I’ve not seen one project successfully transition with minimal knowledge disruption when a team member departs. I think it’s one of the major problems that we have, especially if we’re working as consultants. We have to find better ways to make our clients sponges through the entire life of the project so that we can pour the water to them gently instead of from a fire hose. Some of that responsibility does rest with the client though, and there’s not a lot that we can do to mitigate active unwillingness to constantly transfer knowledge on their parts. If they don’t have the desire or the correct motivations to learn during the project’s live, all we can do is keep pouring the knowledge to them and let them do with it what they choose.
I know some of you are thinking that knowledge transfer problems can be mitigated by creating a lot of documentation or transition papers. I say that it doesn’t work.
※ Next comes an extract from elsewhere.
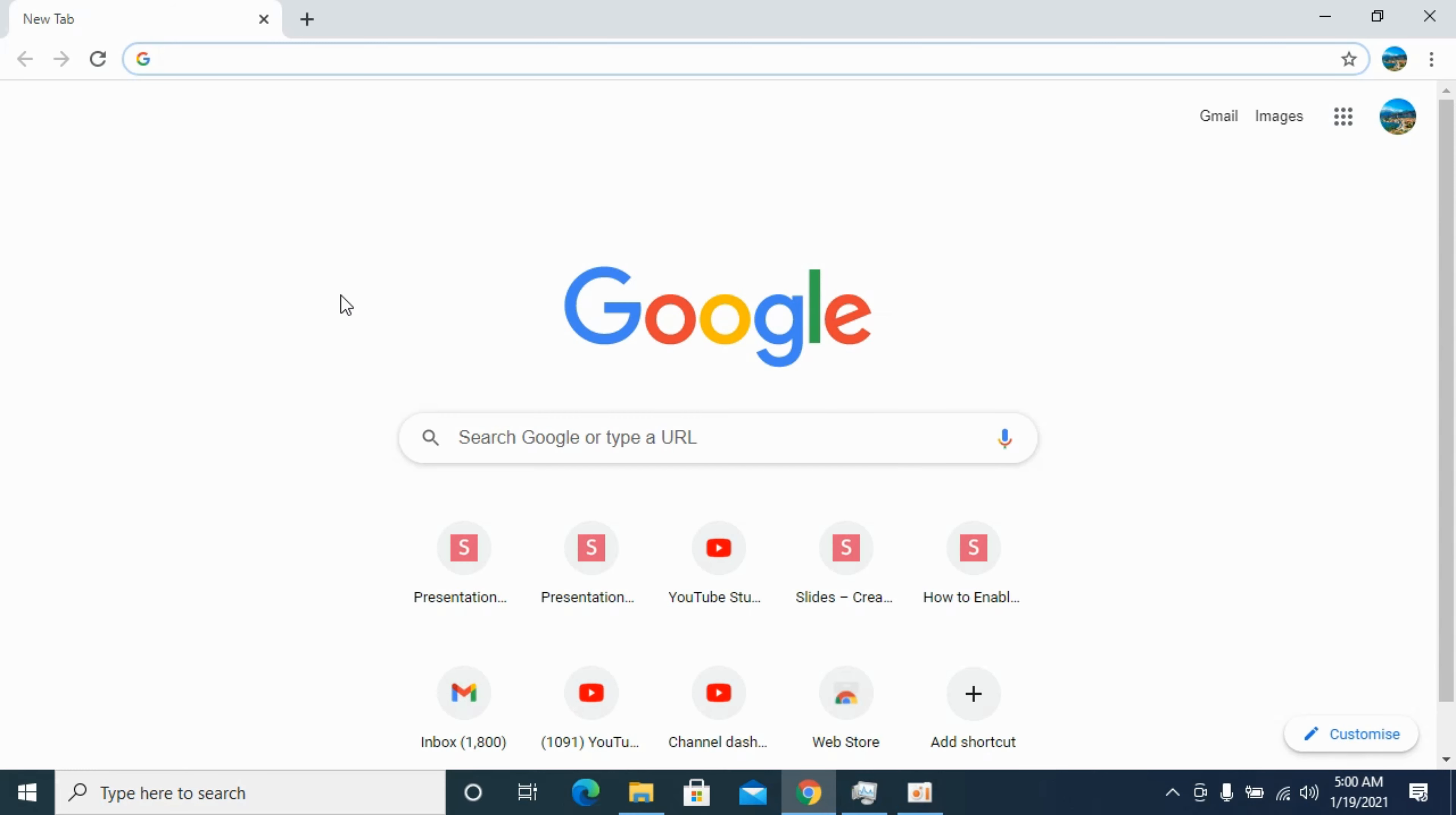The process is quite easy and simple. First, you need to make sure that you are connected to the internet, and once connected, simply go and open up any browser.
Every time I’ve arrived onto a project that has claimed to have these documents, they have been woefully inadequate. Worse yet, many were flat out incorrect. Writing transition knowledge into a persistent state means that you have to continually update it to ensure that it’s current state is correct. Development teams are not prone to doing such tasks if they don’t see any immediate, or very near, benefit from it. That would indicate that writing transition documents at the last possible moment would be something that a developer would be willing to do, and that’s true. But leaving the creation of this type of document until the last moment is like trying to write a book about your project during the two week period between when you’ve given your notice and you depart. There just isn’t the time to do justice to all of the information that will need to be collected, organized and transcribed.
The only answer that I have for this is pushing the client to actively participate along the way. Don’t just say “We’re using nAnt to do our build scripts.” Say that plus put the responsibility for changing, maintaining and enhancing the build scripts into their hands very early on. This allows you to mentor them through the process of learning and absorbing the information that they will need to succeed in your absence. If they consistently push back at you that you should be doing it all since you know it best, you have to push back. If they can’t see why you’re forcing the learning experience on them, then you have to leave them to their own devices when the time comes. You can’t bear much responsibility for the success, or failure, of a project after you have left it. All you can do is work hard to set it up to succeed when that time comes.